Bob Callaway, technology lead for open source software supply chain security at Google, said a prototype of this method, written in the Go programming language, generates non-forgeable provenance using GitHub Actions workflows for isolation and code signing tools for authenticity provided by Sigstore. Projects that make use of GitHub runners to run jobs can now achieve the third level of security as defined by the supply chain levels for software artifacts (SLSA) framework to assure software artifacts are authentic and trustworthy, he said.
The reusable workflow also protects against possible interference from maintainers who could otherwise try to define the workflow in a way that interferes with the builder. The only way to interact with a reusable workflow is through the input parameters it exposes to the calling workflow, which prevents maintainers from altering information via variables, steps, services and defaults.
The goal is not only to ensure the provenance of individual software artifacts but also make it possible to identify which build system was employed to create that artifact, said Callaway. In addition to working with GitHub, Callaway added that Google expects to apply this method to securing other build systems that organizations used to construct applications.
Overall, Callaway said, Google is also working toward embedding security functions with DevOps platforms to ensure the integrity of software supply chains, in addition to educating developers on how to build more secure software.
To protect against the possibility of one job tampering with artifacts used by another job, Google’s method creates a trusted channel. Job outputs send hashes that are then used to verify the binary received via the untrusted artifact registry. The OpenID Connect (OIDC) protocol, which GitHub just opted to support, is then used to prove the identity of the workflow to an external service, such as Sigstore, by attaching a unique JSON web token (JWT) to each runner. The token contains verifiable information about workflow identity such as the caller repository, commit hash, trigger and the current workflow path and reference.
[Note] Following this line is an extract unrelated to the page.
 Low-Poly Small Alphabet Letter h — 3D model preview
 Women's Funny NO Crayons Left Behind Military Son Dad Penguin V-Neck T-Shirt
That makes it possible for the workflow to prove its identity to the Fulcio root certificate authority provided by Sigstore. Fulcio signs a short-lived certificate attesting to an ephemeral signing key generated in the runner. A record of that signing is kept in Sigstore’s transparency log Rekor. Users can then rely on the signing certificates to verify provenance in a way that is authenticated and non-forgeable. That approach means maintainers don’t need to manage or distribute cryptographic keys for signing, which until now have made it challenging to manage code signing at scale, Callaway noted.
In the wake of a series of high-profile security breaches involving open source software, Google and others have significantly increased the resources being applied to both securing open source and proprietor software within the context of a set of DevSecOps best practices. It may be a while before the benefits of that effort are pervasively employed by developers, but it’s clear that substantial progress is being made involving everything from the tools developers use to the build systems managed by DevOps teams.